Now let's fetch all resources associated with the selected project.

In [None]:
# Get all resources from the selected project
resources = api.projects.get_project_resources(selected_project)

print(f"Found {len(resources)} resources in project '{selected_project.name}':\n")

# Display first 5 resources
for i, resource in enumerate(resources[:3], 1):
    print(f"{i}. Filename: {resource.filename}")
    print(f"   Created at: {resource.created_at}")
    print(f"   Created by: {resource.created_by}")
    print(f"   MIME type: {resource.mimetype}")
    print(f"   Status: {resource.status}")
    print()

if len(resources) > 3:
    print(f"... and {len(resources) - 3} more resources")

## 4. Downloading and Displaying Resource Images

Let's download and display the image data from a resource using the `download_resource_file` method.

In [None]:
# Select a resource to work with
selected_resource = resources[0]  # First resource

print(f"Selected resource: {selected_resource.filename}")
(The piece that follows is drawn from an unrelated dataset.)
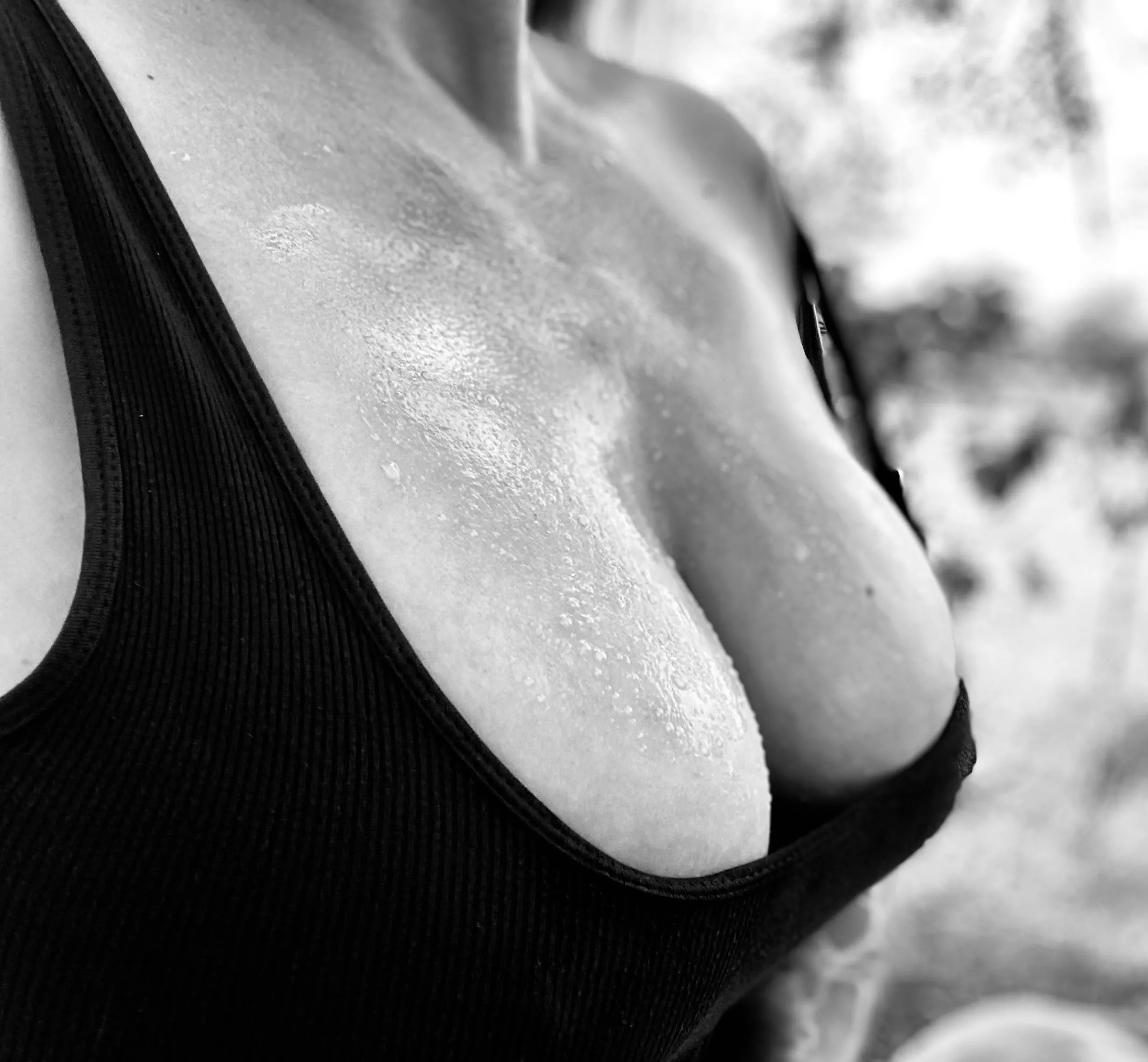 A little wet side view of my cleavage.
# Download the resource file with auto-conversion
# This will automatically convert DICOM to numpy array, etc.
image_data = api.resources.download_resource_file(
    selected_resource,
    auto_convert=True
)

print(f"\nImage data type: {type(image_data)}")
if isinstance(image_data, np.ndarray):
    print(f"Image shape: {image_data.shape}")
elif hasattr(image_data, 'pixel_array'):  # DICOM
    print(f"DICOM pixel array shape: {image_data.pixel_array.shape}")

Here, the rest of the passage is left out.